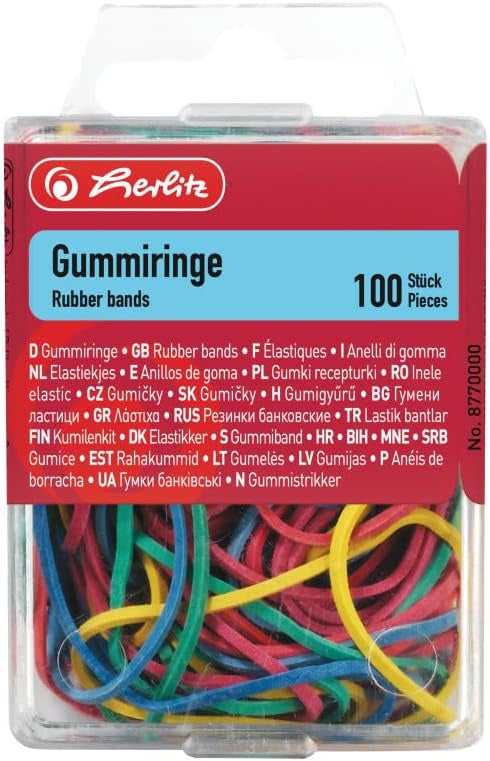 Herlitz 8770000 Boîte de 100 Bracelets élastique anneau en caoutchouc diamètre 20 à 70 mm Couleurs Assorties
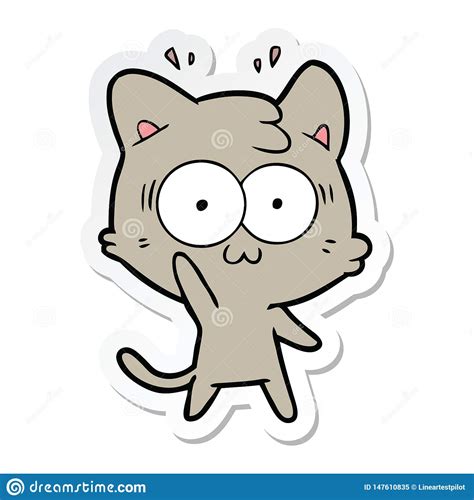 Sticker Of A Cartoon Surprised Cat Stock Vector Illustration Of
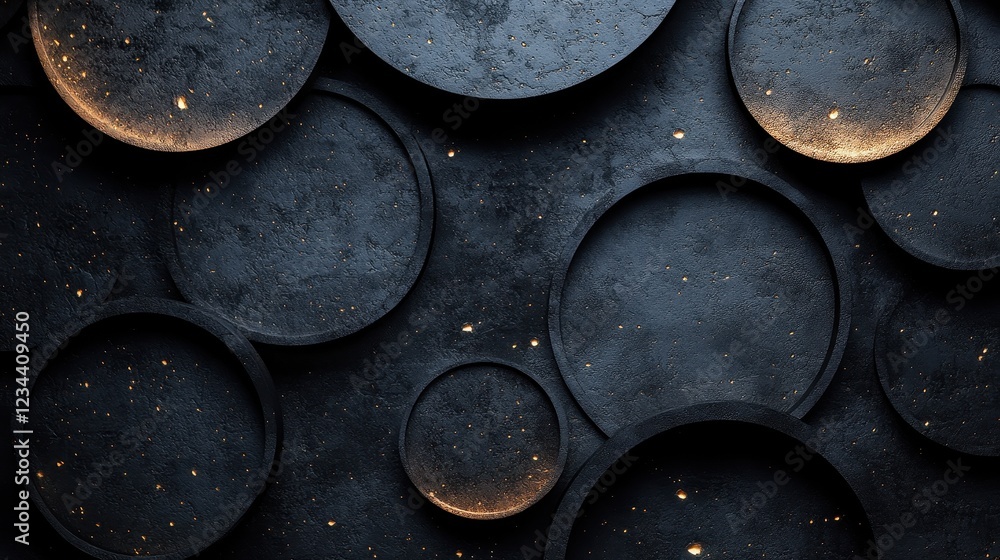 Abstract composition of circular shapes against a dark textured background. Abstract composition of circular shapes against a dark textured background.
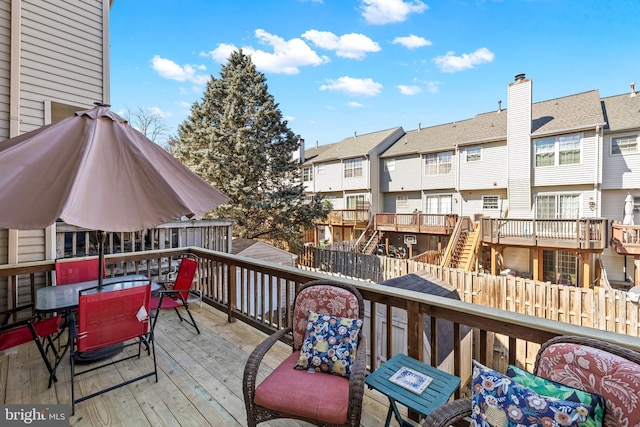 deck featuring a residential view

---------------

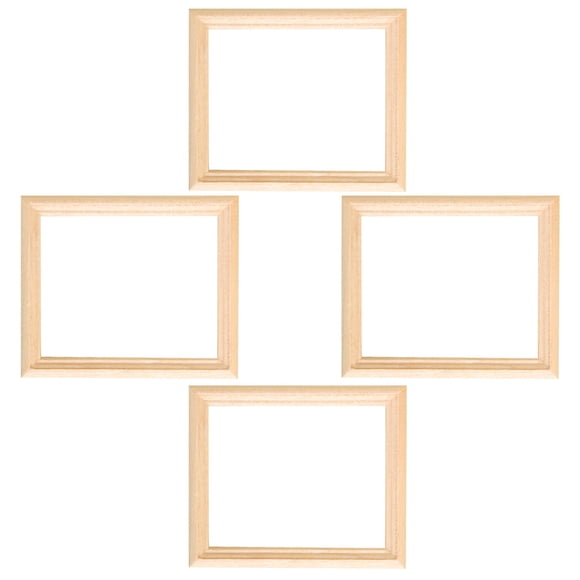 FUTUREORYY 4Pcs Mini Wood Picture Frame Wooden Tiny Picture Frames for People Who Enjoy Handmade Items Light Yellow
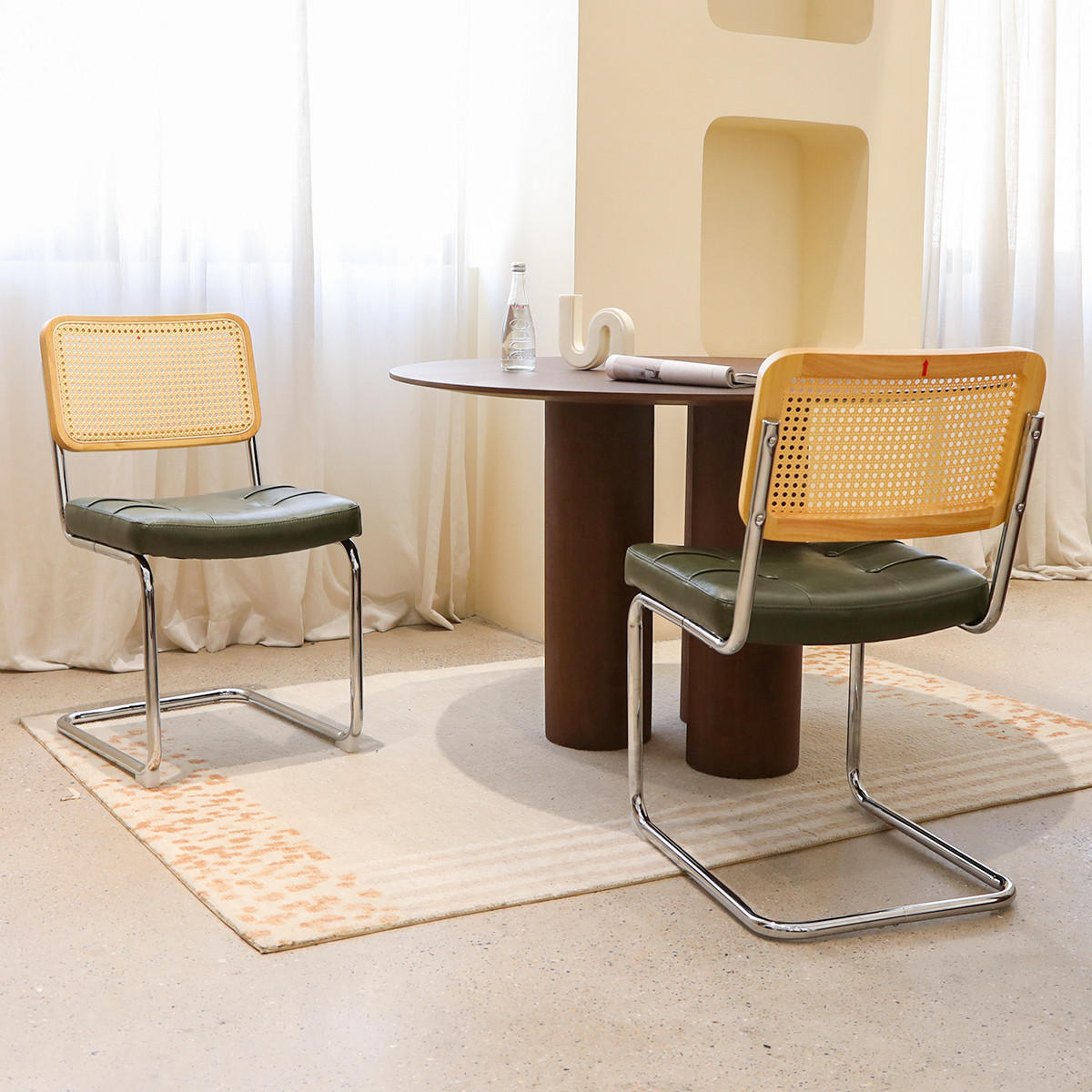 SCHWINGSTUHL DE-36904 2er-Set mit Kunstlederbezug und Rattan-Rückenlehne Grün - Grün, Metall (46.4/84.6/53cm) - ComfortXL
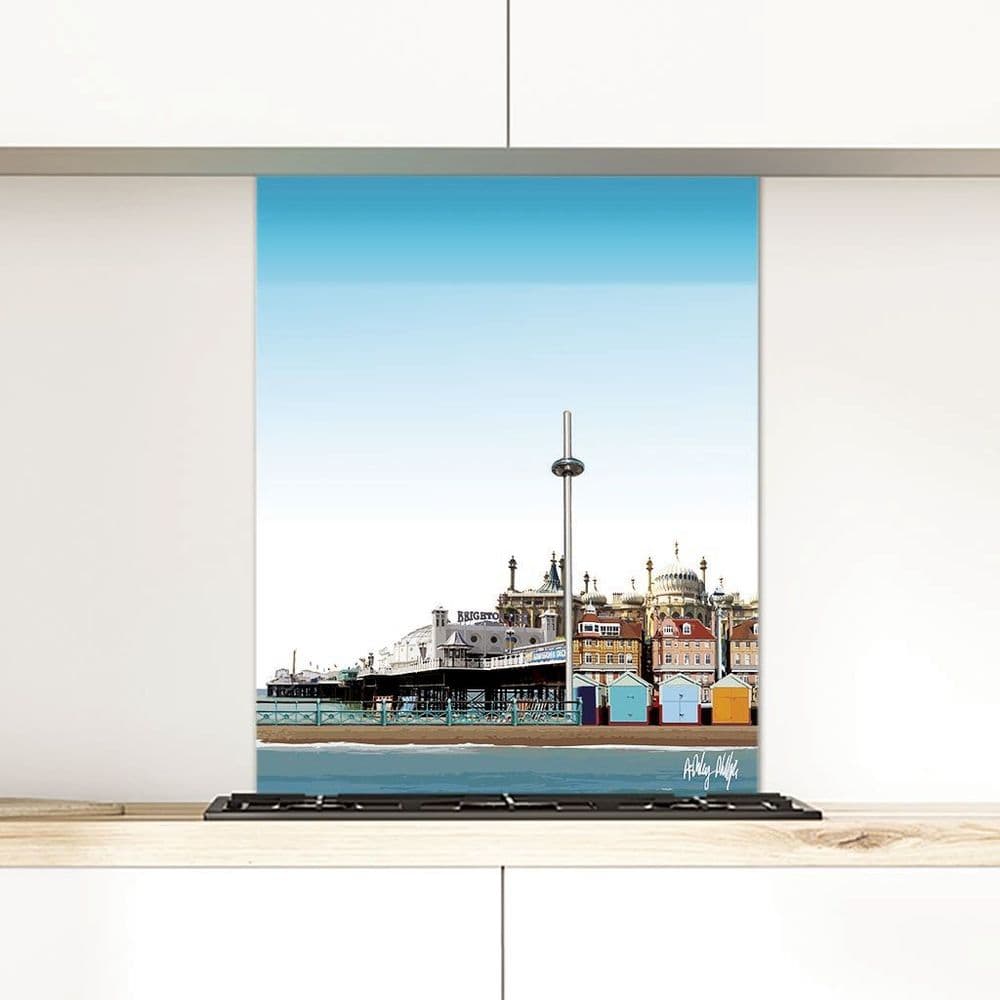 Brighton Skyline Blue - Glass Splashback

---------------

Range to copy from the records above: the line containing "Herlitz 8770000 Boîte" to the line containing "Sticker Of A", both included. Output those lines exactly and only those, skipping pictures.

 Herlitz 8770000 Boîte de 100 Bracelets élastique anneau en caoutchouc diamètre 20 à 70 mm Couleurs Assorties
 Sticker Of A Cartoon Surprised Cat Stock Vector Illustration Of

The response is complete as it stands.